The other morning work was very quiet, so I decided to take it as an opportunity to snap a few photos to show a little more about my health center where I work. This is just a taste; I plan to talk more about my work in future posts, updating you on all of my projects and ideas for during my service.
This photo shows what I see when I approach the health center each morning. The staff members are at the water forage, which happens to house a hive of (stingerless) bees. Children who live nearby often treat this area as a playground, as do the chickens and dog, Zombie, who live at the health center. The far wall is patient rooms.
Here is another view of the water forage. The building behind it has four rooms for center staff to stay in, and also houses the latrines for patients and staff. To the right (far off in the back) there is a pit where we dispose trash after burning it. With no incinerator or waste management system, this is the best option.

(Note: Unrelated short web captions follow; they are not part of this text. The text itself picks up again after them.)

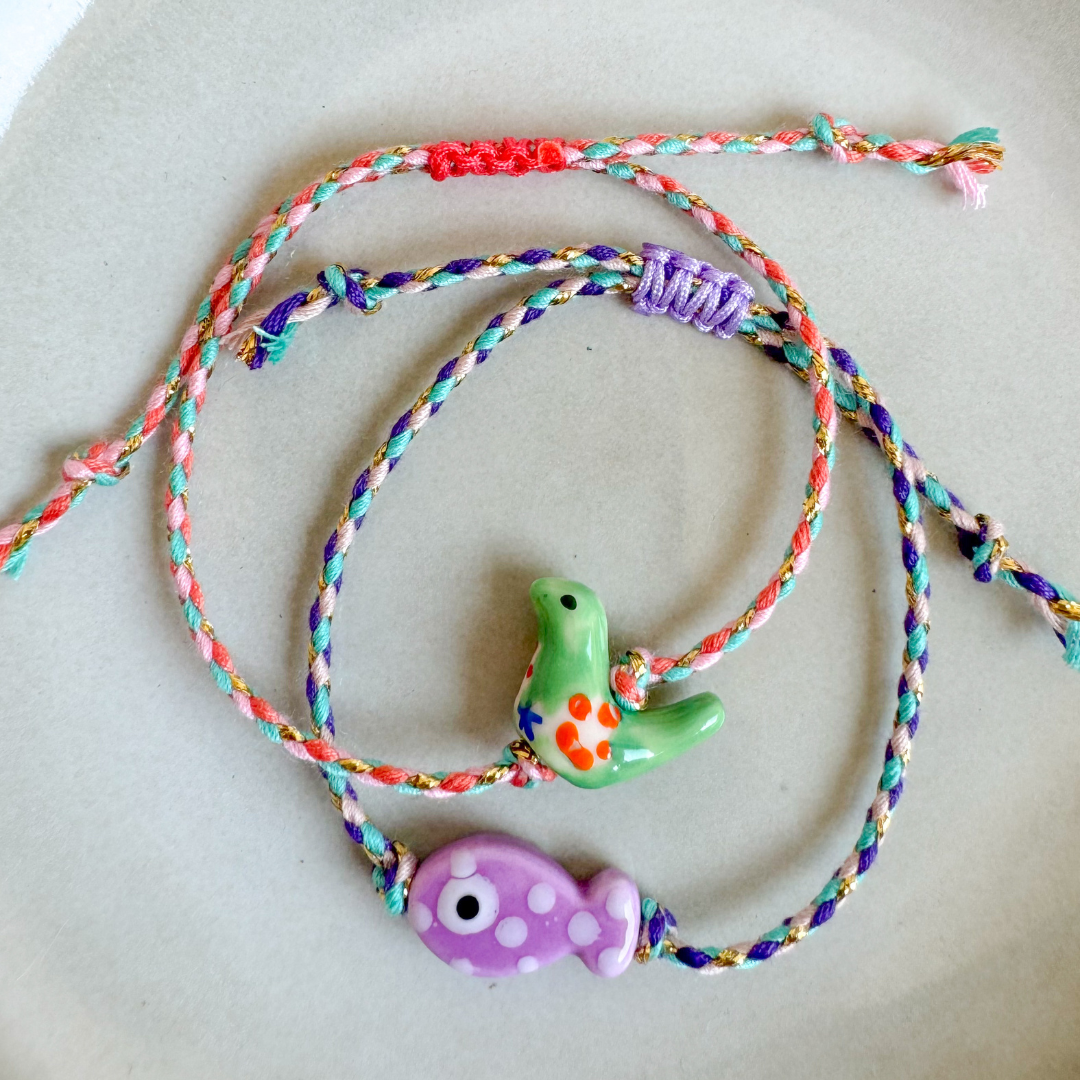 Geflochtenes Schiebeknotenarmband | 40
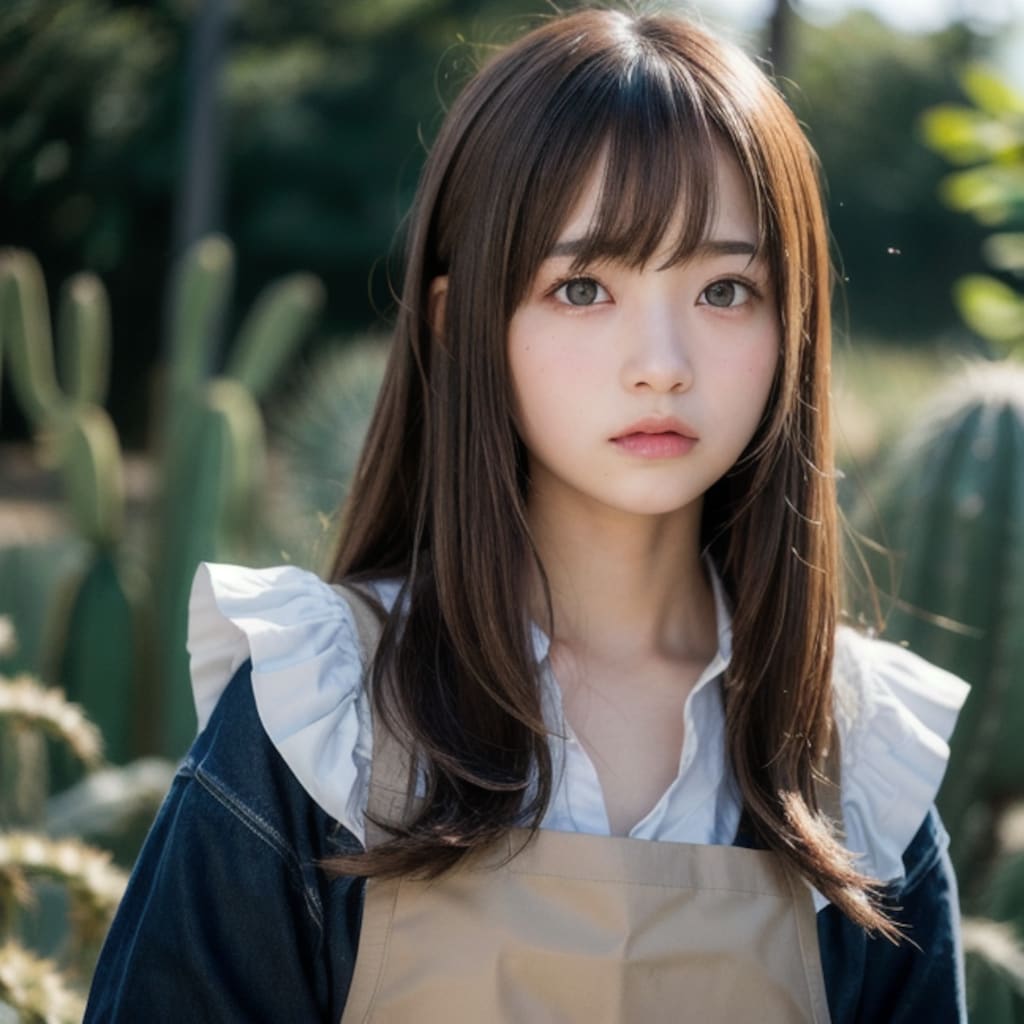 サボテン農園の看板娘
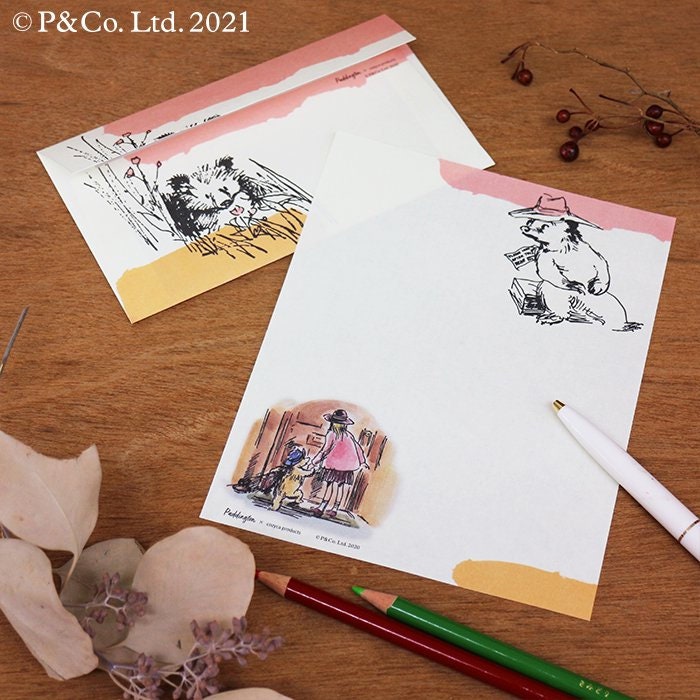 Letter Writing Set Series Co Branding Paddington Bear I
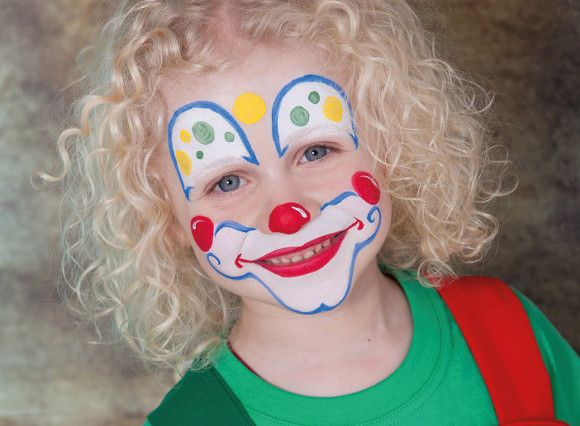 Clowngesicht Schminken – Google-Suche | Clown Gesicht intérieur Karneval Schminken Clown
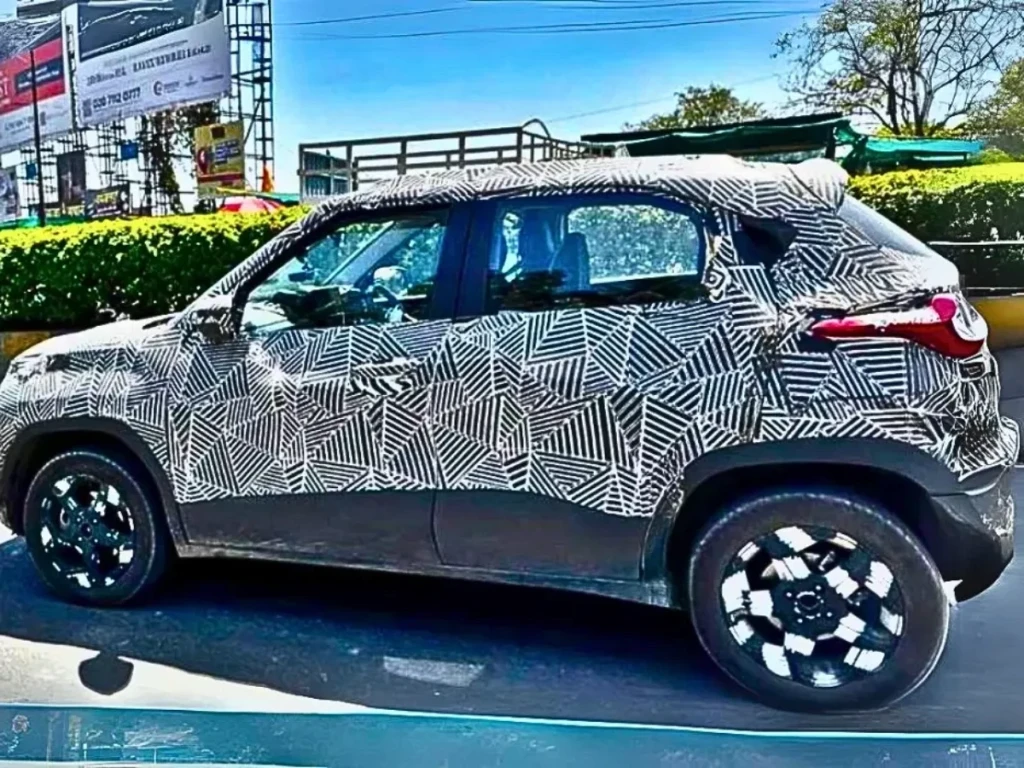 Interior of Tata Punch facelift showcasing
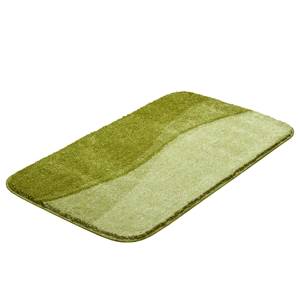 Tapis de bain Flash Tissu - Vert herbe - 70 x 120 cm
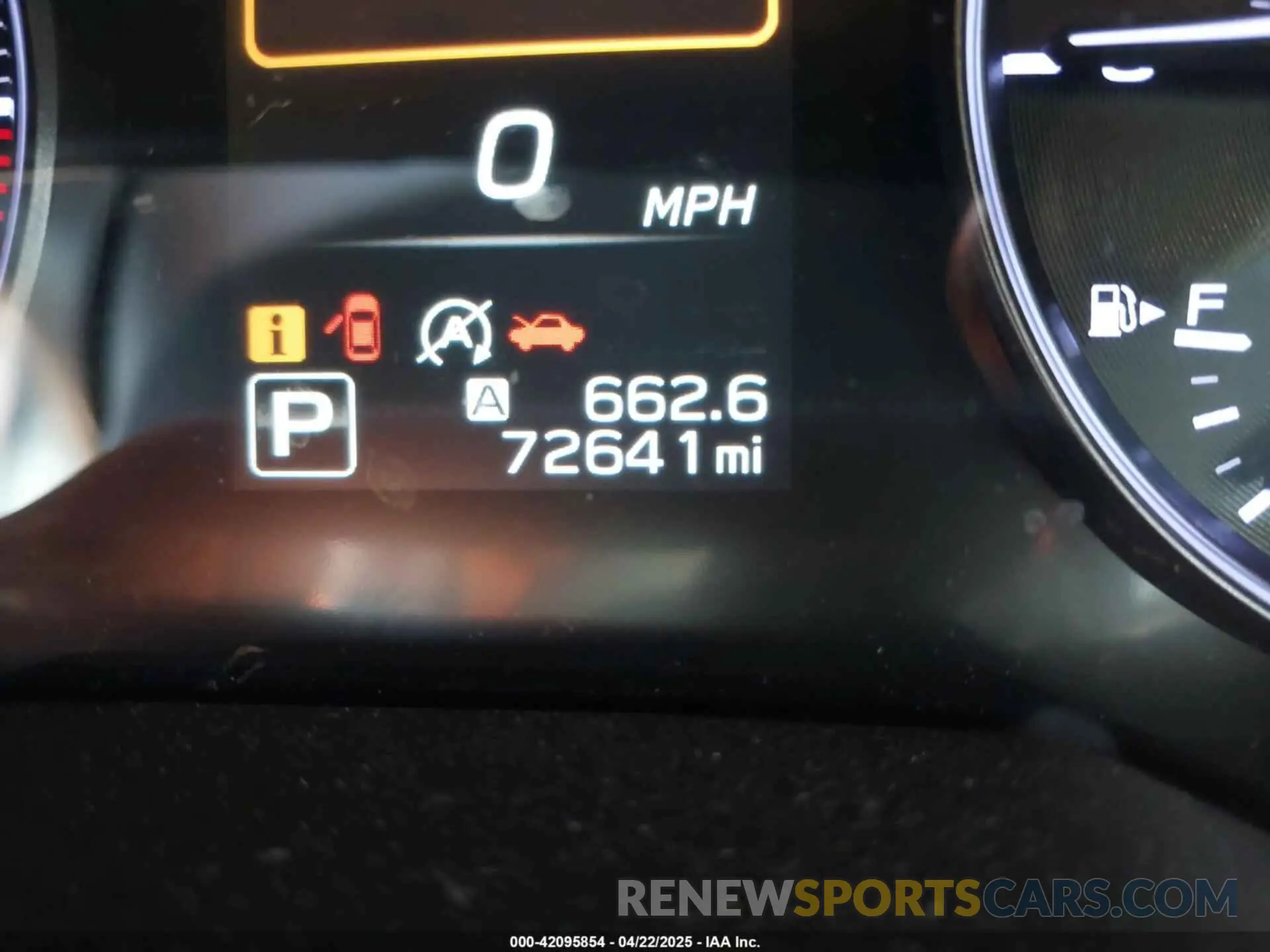 15 fotografías del automóvil dañado 4S3BWAC6XL3007022 SUBARU LEGACY 2020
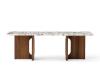 Walnut / Calacatta Viola Marble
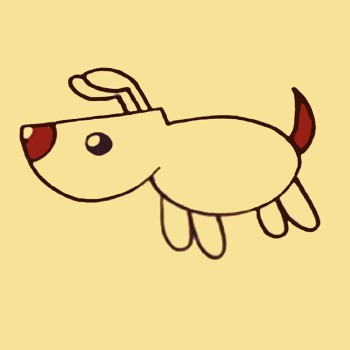 Cómo hacer un dibujo de un perro paso a paso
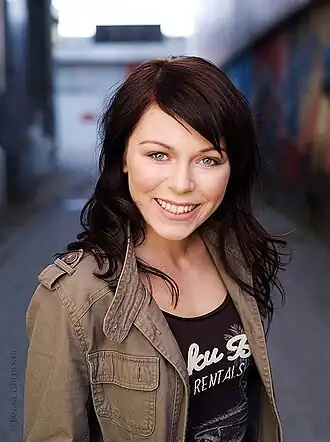 Anna Ewelina in 2010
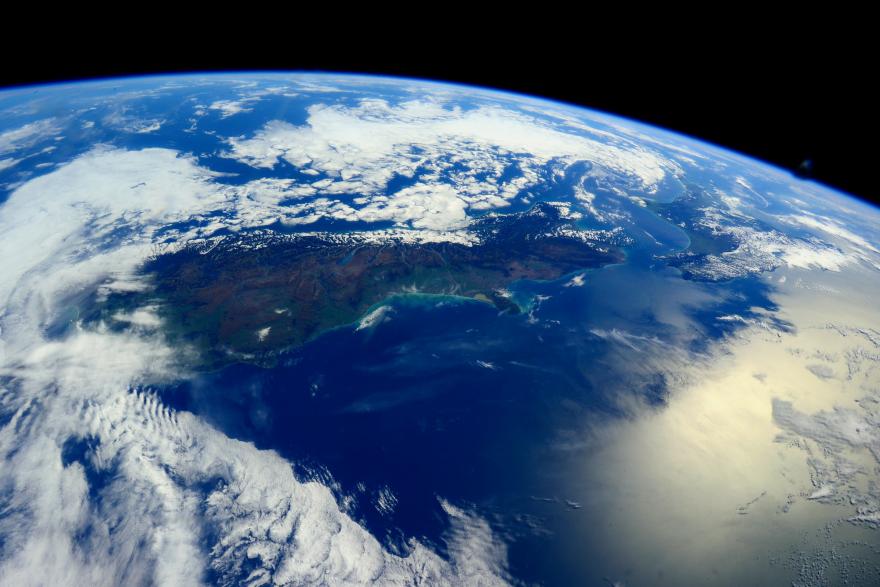 Ученые показали, как выглядела бы Земля для пришельцев
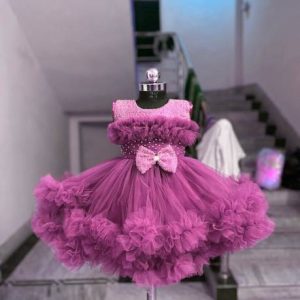Baby Girls Midi/Knee Length Party Dress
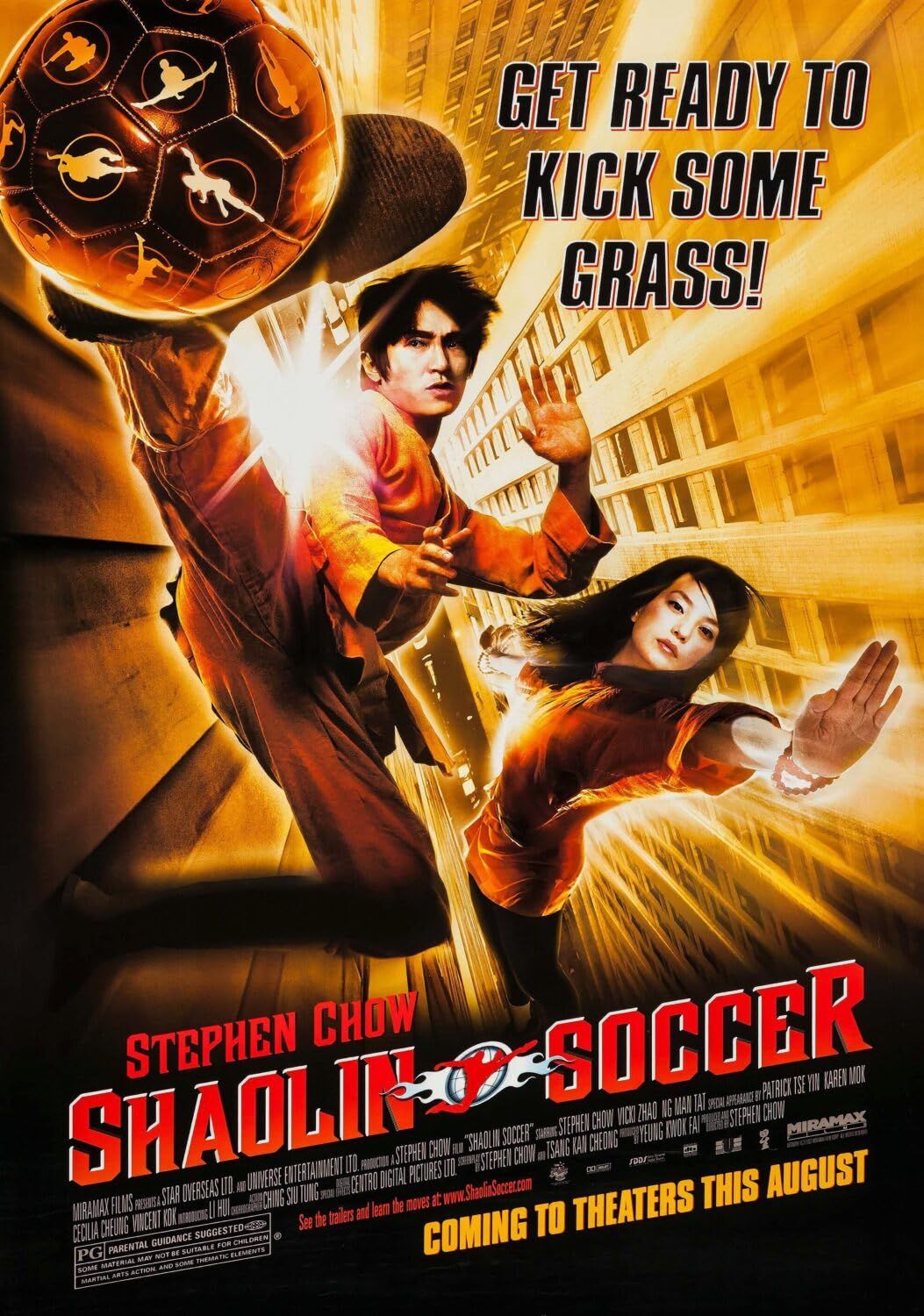 Shaolin Soccer (2001) Hindi Dubbed ORG Full Movie BluRay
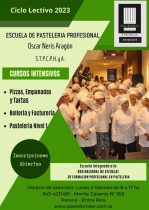 Escuela pasteleria 2023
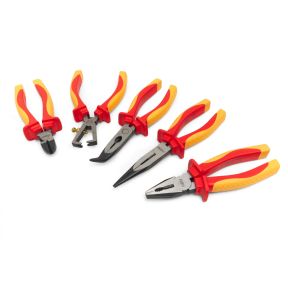 VDE-Zangen für Elektriker, 5-teiliges Set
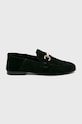 Steve Madden - Mokasíny Kerin semišová koža čierna SM11000221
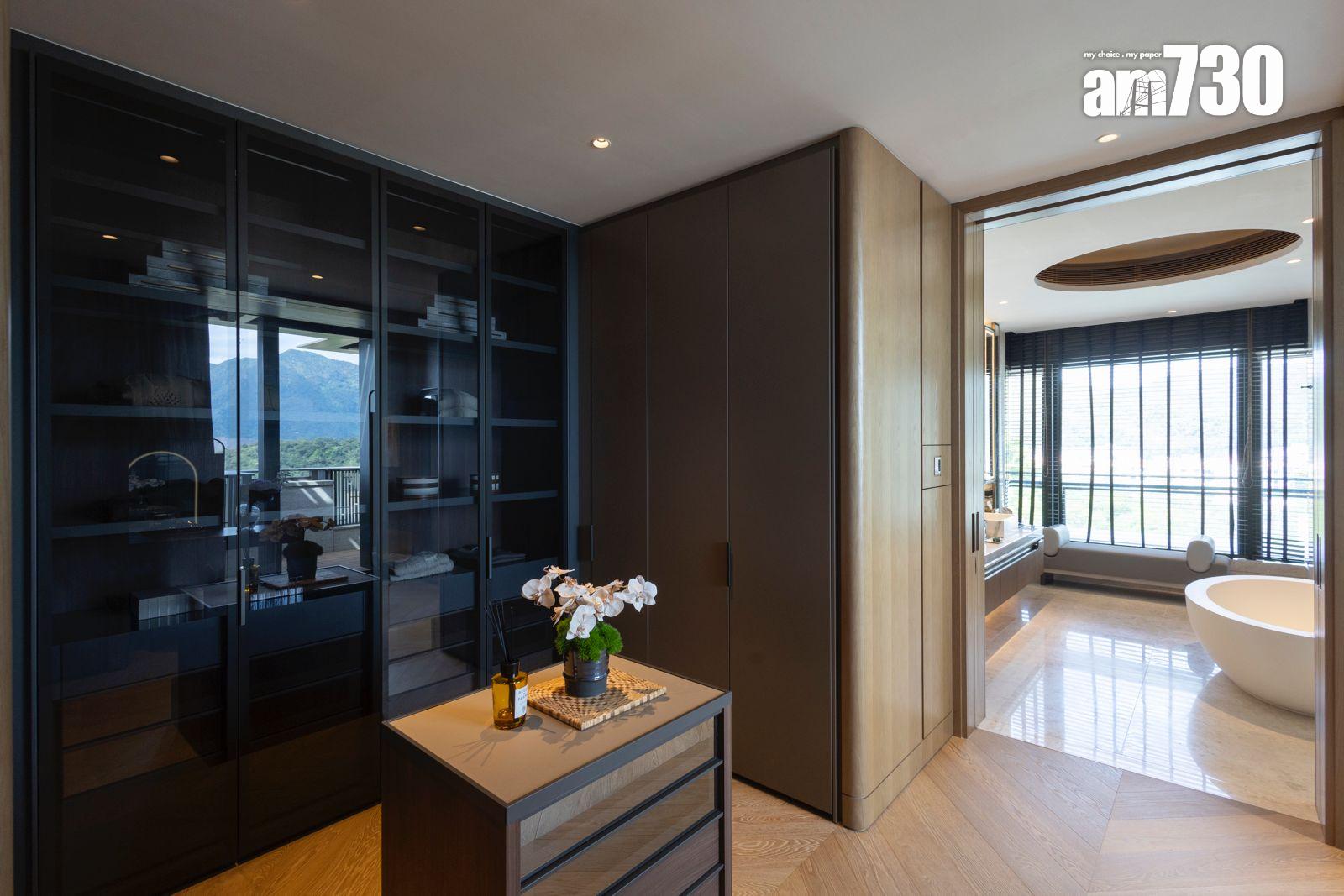 林海山城洋房|山城徑1號6268呎五房四套 山海園林中子母屋(多圖有片)|大埔新盤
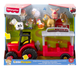 Fisher-Price Little People Caring for Animals Tractor Gift Set
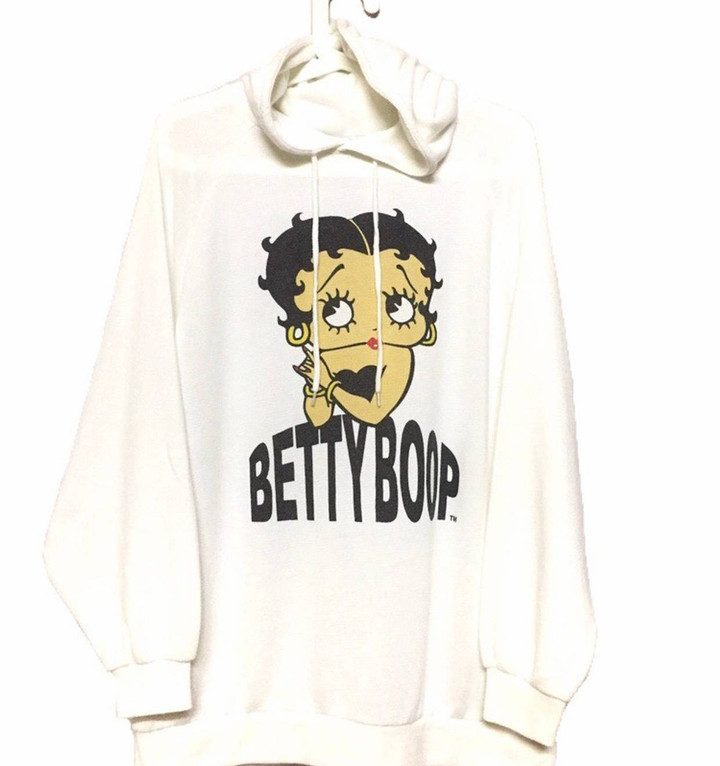 Cartoon Network Japanese Brand Vintage Betty Boop Big Logo Vintage 90s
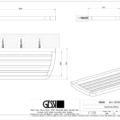 MIMI ACCESSORIES 33347 rysunek techniczny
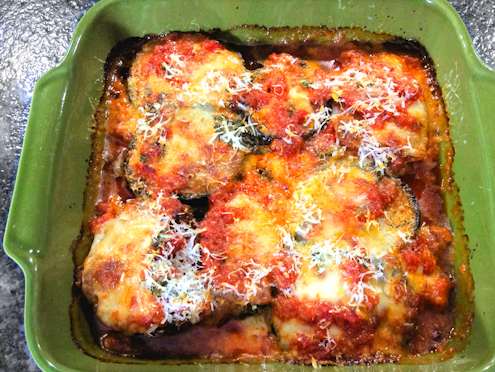 pork parmigiana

To the left (not in view) is another building with a kitchen for patients’ families, one for staff, and a chicken storage room. The chickens are let out during the day and roam the health center, or sometimes even hide in the trees.
Here is one of the patient rooms. Most of the rooms have three or four beds, but there are a few rooms that are private. Patients are in charge of bringing their own bedding, dishes for cooking, supplies for cleaning dishes and bathing, and any other items they may need while sick. As you can see by these two beds, the quality of the mattresses is far from ideal. The director of the health center is hoping to replace each of the mattresses this year. I think we have twenty bedframes, but not all of them even have mattresses. Some times patients or their families sleep on the floor on mats brought from home.
Our health center does not have electricity, so lab work and other tasks are much easier to accomplish when there is natural lighting. This is a photo of the lab tech’s work area. We are equipped to do basic blood and urine tests. We most often test for Tuberculosis, Typhoid, Malaria, HIV, syphilis, Hepatitis, pregnancy tests, getting blood types for transfusions, and anemia. As our center is small, we refer a lot of people out to the larger hospital in a town nearby for more serious tests and treatment.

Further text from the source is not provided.